I've been following the tensorflow walkthrough here to create my own categorical OHE layer. The layer suggested is below and I've followed the preceding steps to the guide very closely:
def get_category_encoding_layer(name, dataset, dtype, max_tokens=None):
# Create a StringLookup layer which will turn strings into integer indices
if dtype == 'string':
index = preprocessing.StringLookup(max_tokens=max_tokens)
else:
index = preprocessing.IntegerLookup(max_tokens=max_tokens)
# Prepare a Dataset that only yields our feature
feature_ds = dataset.map(lambda x, y: x[name])
# Learn the set of possible values and assign them a fixed integer index.
index.adapt(feature_ds)
# Create a Discretization for our integer indices.
encoder = preprocessing.CategoryEncoding(num_tokens=index.vocabulary_size())
# Apply one-hot encoding to our indices. The lambda function captures the
# layer so we can use them, or include them in the functional model later.
return lambda feature: encoder(index(feature))
However the output isn't aligned with the guide. When my input to the layer is a list of n strings, instead of the output being shape (n, vocabulary size), I am receiving an output of shape (1, vocabulary size), with multiple categories incorrectly marked '1'.
e.g. using n=2 and vocabulary size=3
Instead of getting an OHE of [[1, 0, 0], [0, 1, 0]]
, I am getting [1, 1, 0]
.
My code is exactly the same as the guide, but it looks like the layer is "merging" the encoding of each element of my input.
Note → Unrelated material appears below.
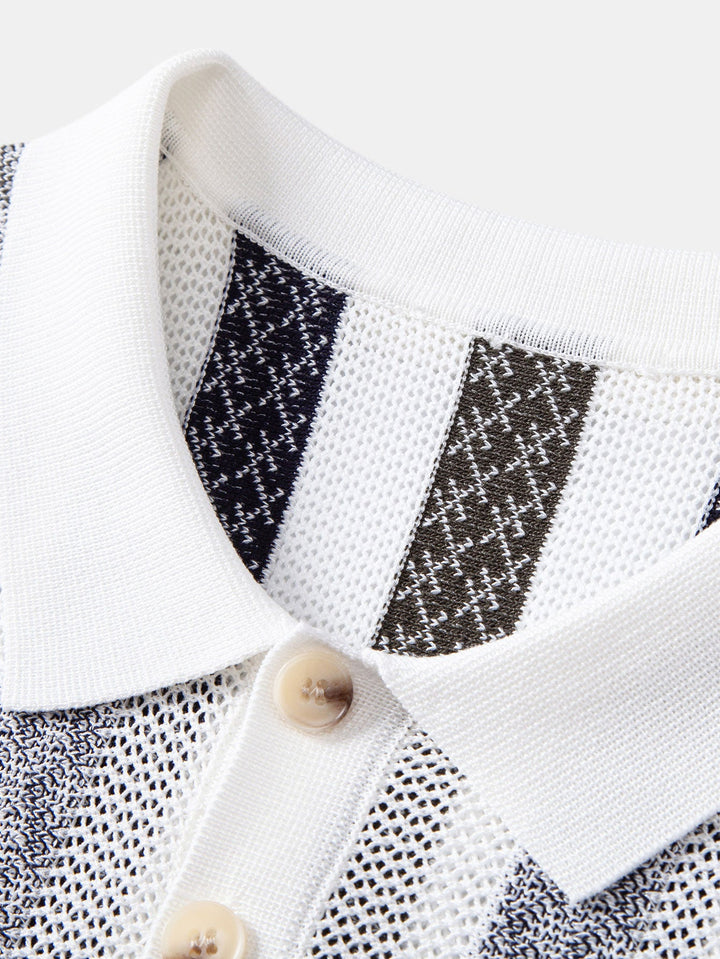 Striped Textured Knit Polo &amp; Slim Fit Tapered Trousers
Is there something wrong with the layer they provided or could someone give pointer on what I could test?
CodePudding user response:
By default, CategoryEncoding uses output_mode="multi_hot". That's why you're getting output of size (1, vocab_size). To get OHE of size (n, vocab_size), make this change in your code
encoder = preprocessing.CategoryEncoding(num_tokens=index.vocabulary_size(), output_mode='one_hot')